Images for object localization
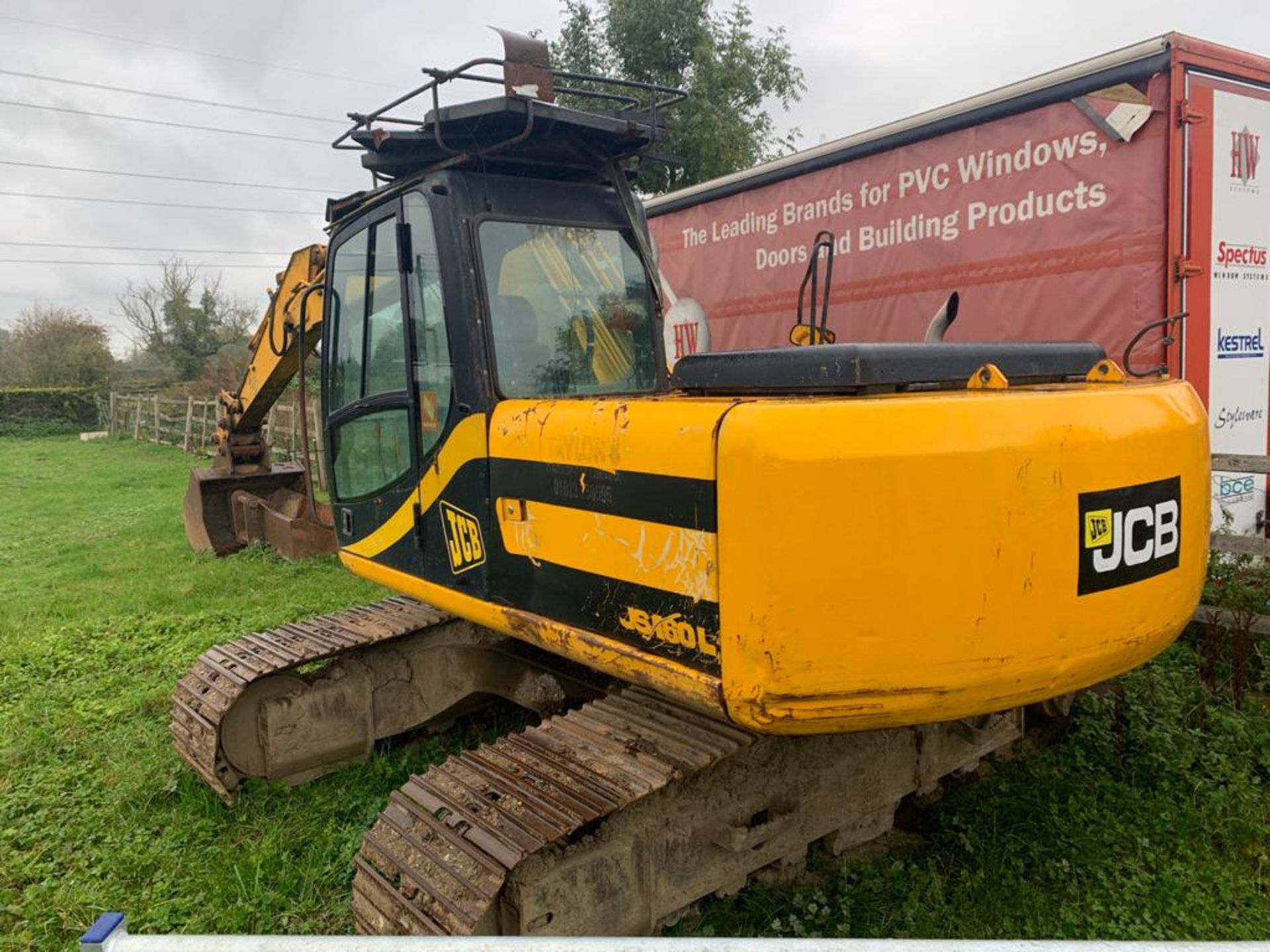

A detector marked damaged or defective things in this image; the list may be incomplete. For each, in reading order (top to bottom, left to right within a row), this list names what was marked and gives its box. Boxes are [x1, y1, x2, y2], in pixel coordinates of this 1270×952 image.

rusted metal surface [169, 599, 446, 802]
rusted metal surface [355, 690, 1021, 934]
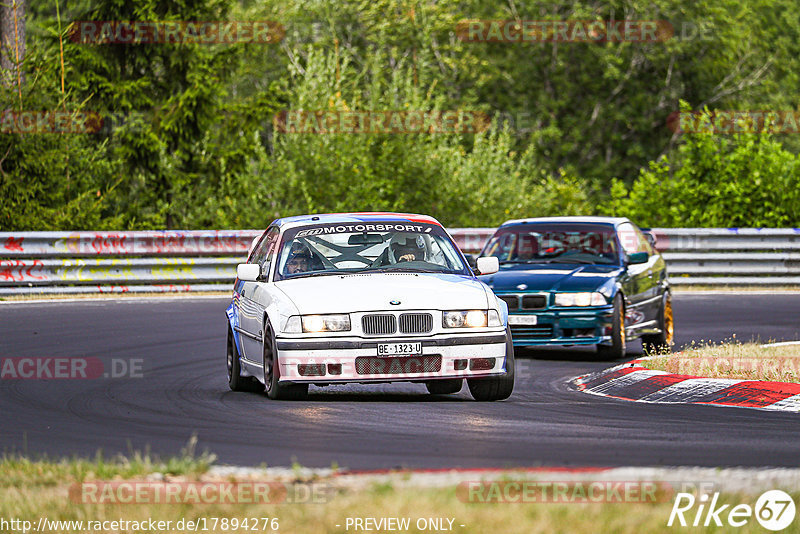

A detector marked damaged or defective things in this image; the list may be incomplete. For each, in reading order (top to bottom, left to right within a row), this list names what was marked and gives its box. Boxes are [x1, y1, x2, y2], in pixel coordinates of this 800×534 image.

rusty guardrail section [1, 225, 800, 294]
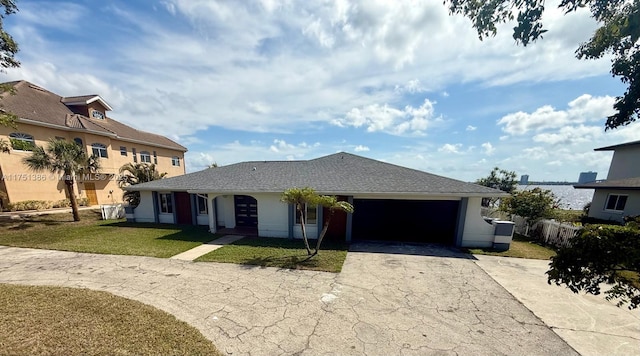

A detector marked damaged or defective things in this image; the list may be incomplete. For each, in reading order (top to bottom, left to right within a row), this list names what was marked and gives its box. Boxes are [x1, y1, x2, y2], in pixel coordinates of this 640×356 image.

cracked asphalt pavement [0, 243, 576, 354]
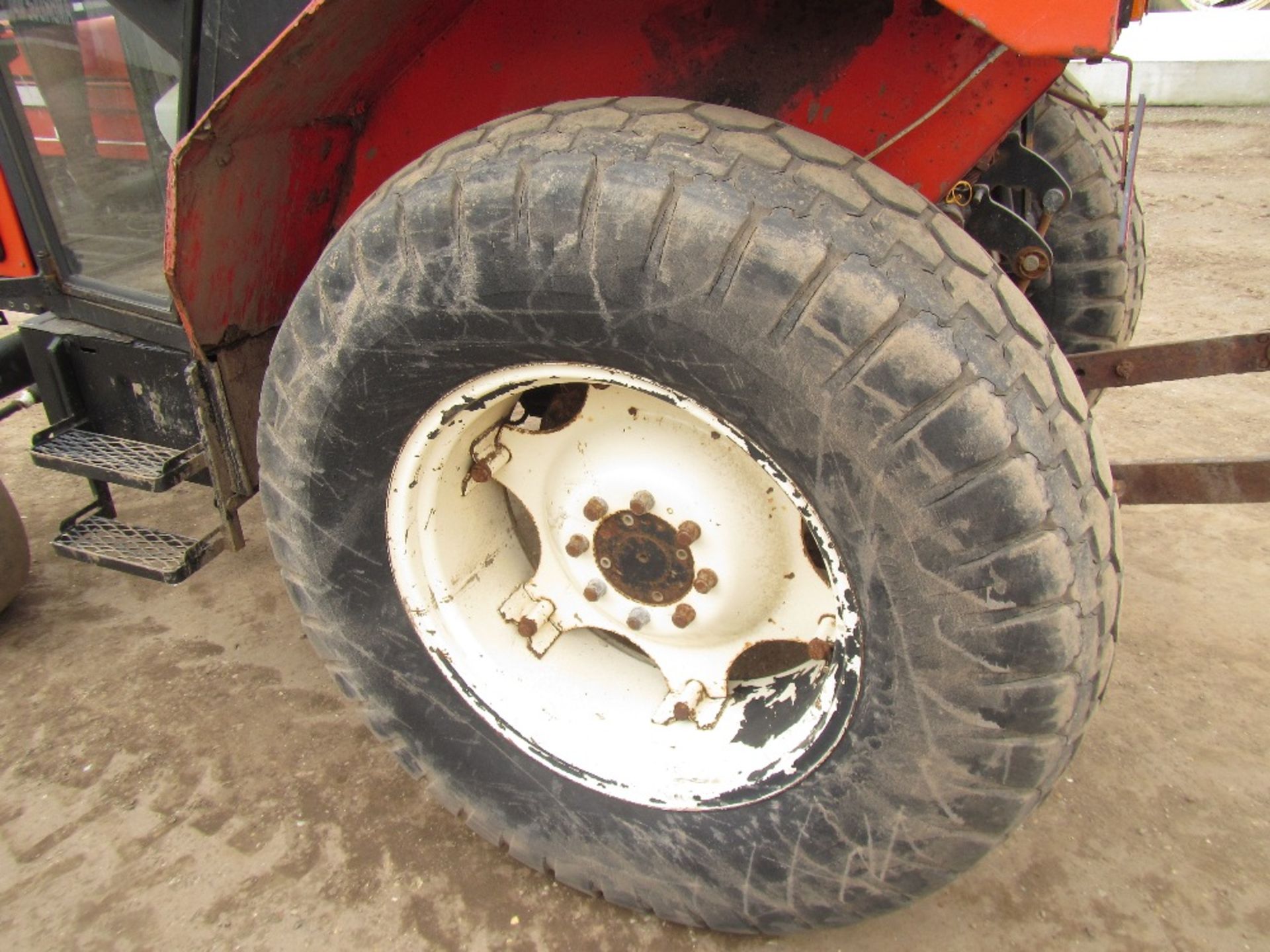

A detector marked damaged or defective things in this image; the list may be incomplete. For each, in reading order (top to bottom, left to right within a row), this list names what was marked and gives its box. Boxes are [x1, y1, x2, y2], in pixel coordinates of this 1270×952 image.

REQUIRED WORK: Beginning at the line with "this 800×534 image.", reproduce each line exactly through the last line of the records above, with pictures left out.

RESPONSE FOR THIS EXERCISE:
A detector marked damaged or defective things in this image; the list may be incomplete. For each, in reading order (top to bottom, left to right within a row), this list names what was marked and gives its box. Boxes are [x1, y1, x2, y2], in pixel coordinates of this 800×534 image.

rusty guardrail section [1, 225, 800, 294]

A detector marked damaged or defective things in this image; the list may be incomplete. For each, in reading order (top to bottom, left to right within a row), this list names what was marked and gives its box. Boxes are [x1, y1, x2, y2], in pixel coordinates of this 640×356 image.

cracked asphalt pavement [0, 243, 576, 354]

A detector marked damaged or defective things in this image; the list may be incomplete. For each, in reading order (top to bottom, left to right within a row), this list names what was marked and gives its box. Boxes are [x1, y1, x2, y2], in pixel coordinates of this 1270×952 image.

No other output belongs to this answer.